╭──

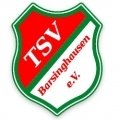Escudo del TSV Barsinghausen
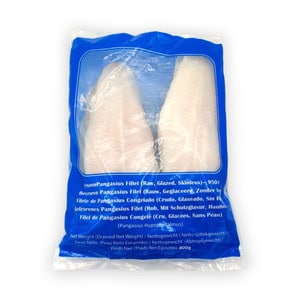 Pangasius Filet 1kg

╰──
╭──

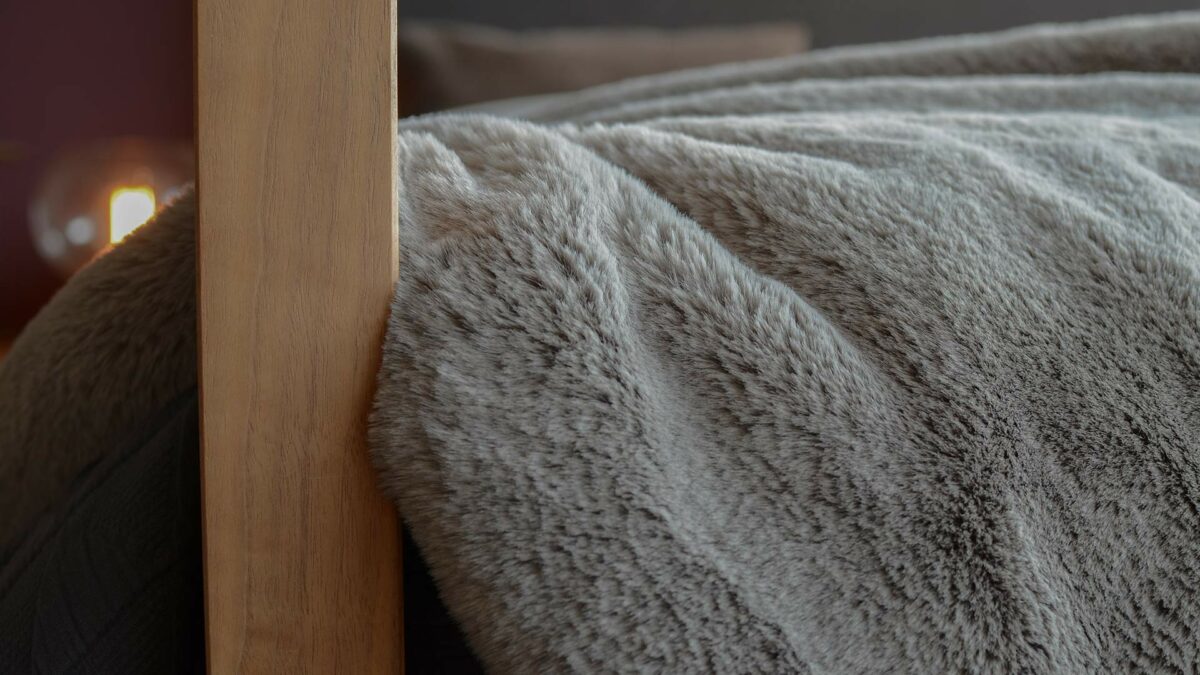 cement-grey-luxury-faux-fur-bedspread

╰──

Only the lines starting at the one with "Escudo del TSV Barsinghausen" and ending at the one with "Pangasius Filet 1kg" should be printed, each exactly as it appears in the material above; the pictures are to be omitted.

» **TASK RESPONSE**:
Escudo del TSV Barsinghausen
 Pangasius Filet 1kg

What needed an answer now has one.